* [Data extract]
——

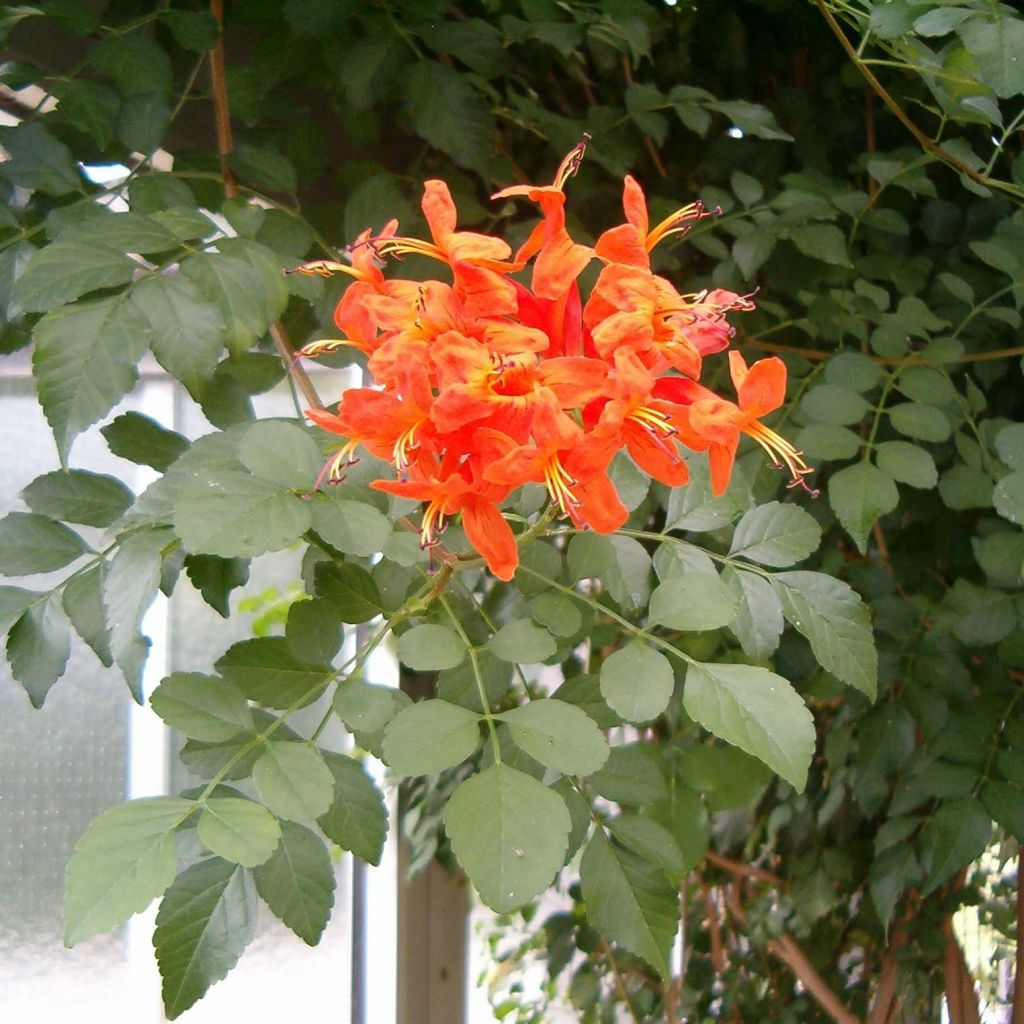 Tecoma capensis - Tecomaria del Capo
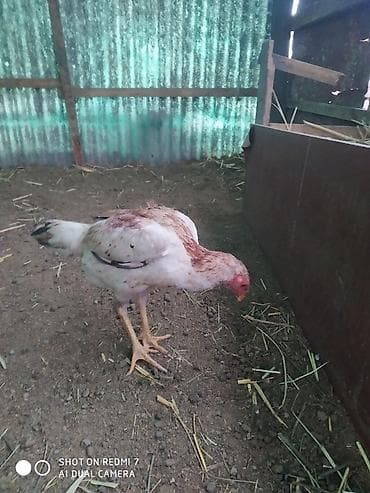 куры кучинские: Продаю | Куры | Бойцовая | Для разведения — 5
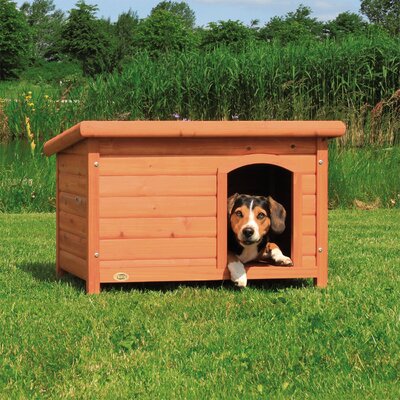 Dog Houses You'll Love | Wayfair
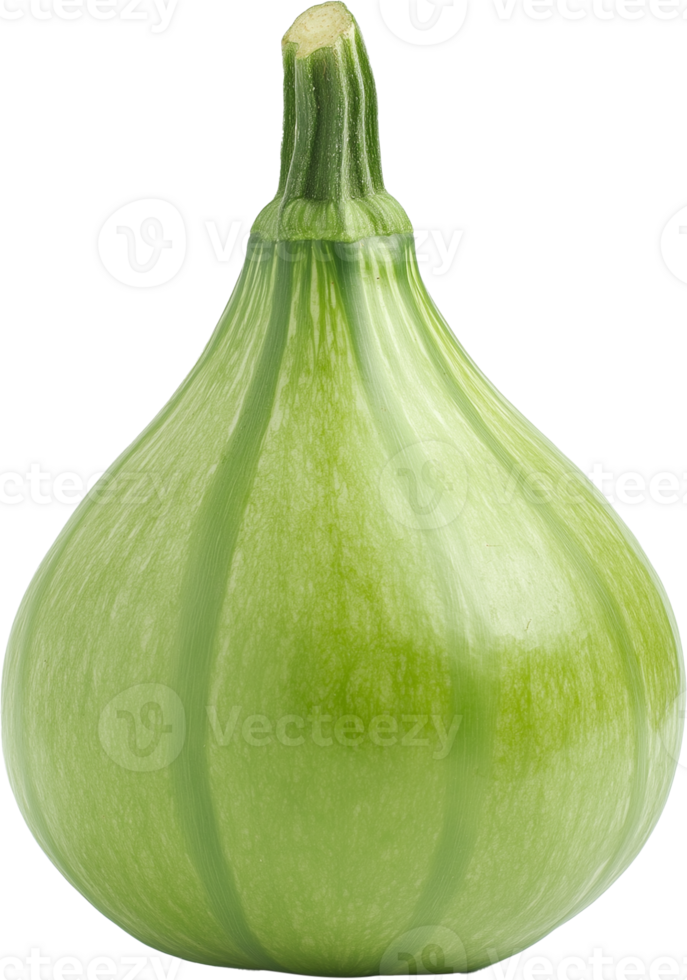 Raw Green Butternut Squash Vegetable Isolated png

——

* [How to complete this task] Transcribe the data word for word, with no images.

* [Solution to this task]
 Tecoma capensis - Tecomaria del Capo
 куры кучинские: Продаю | Куры | Бойцовая | Для разведения — 5
 Dog Houses You'll Love | Wayfair
 Raw Green Butternut Squash Vegetable Isolated png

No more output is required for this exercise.